BEGIN Data excerpts

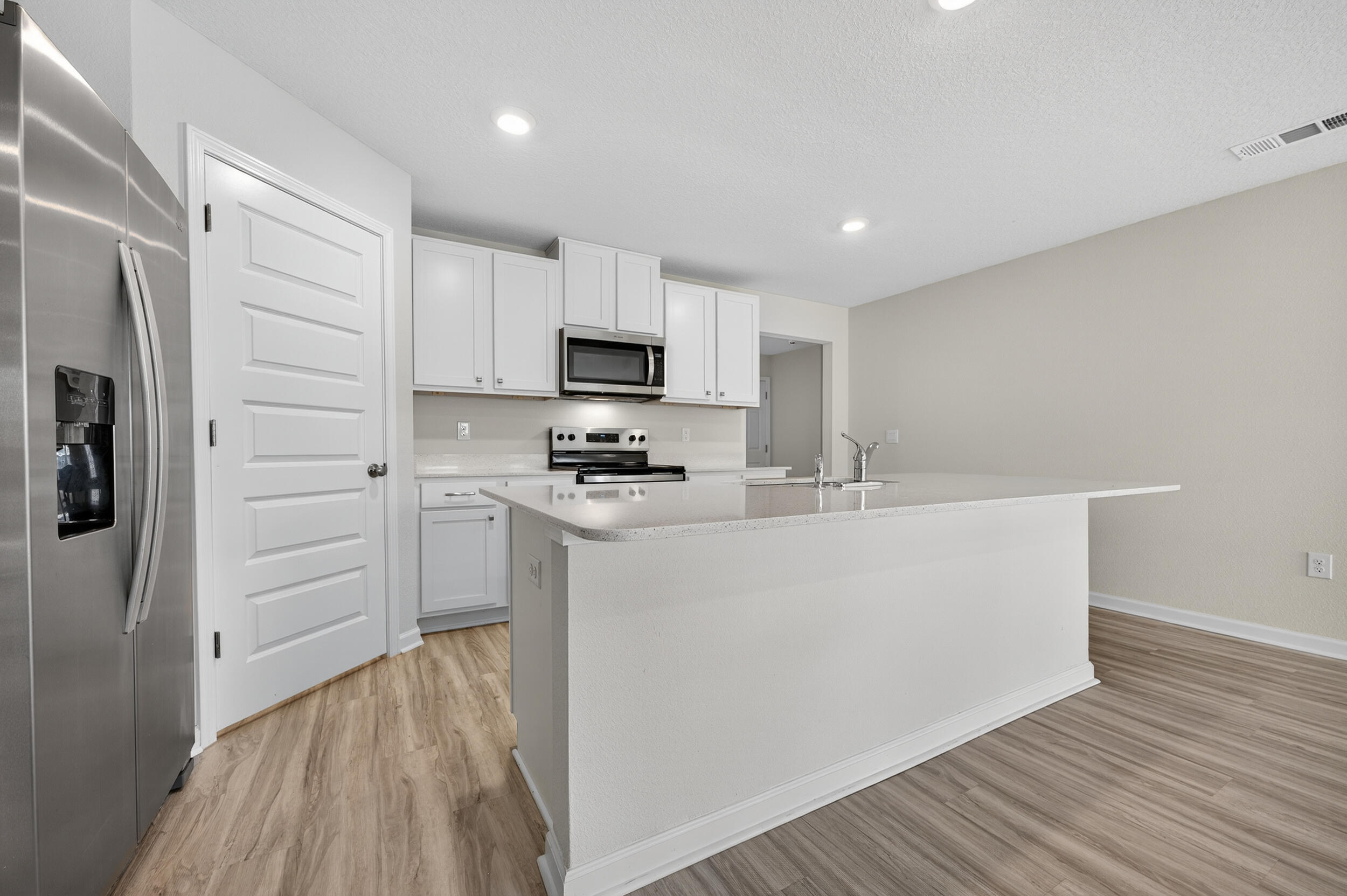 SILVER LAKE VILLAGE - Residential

END Data excerpts
BEGIN Data excerpts

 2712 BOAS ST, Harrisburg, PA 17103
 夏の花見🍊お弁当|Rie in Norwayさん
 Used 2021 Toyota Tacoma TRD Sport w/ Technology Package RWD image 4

END Data excerpts

Task directions:
Lines to set down from above: the line with "2712 BOAS ST, Harrisburg, PA 17103", the line with "Used 2021 Toyota", and every line between, each exactly as written.

Completed task:
 2712 BOAS ST, Harrisburg, PA 17103
 夏の花見🍊お弁当|Rie in Norwayさん
 Used 2021 Toyota Tacoma TRD Sport w/ Technology Package RWD image 4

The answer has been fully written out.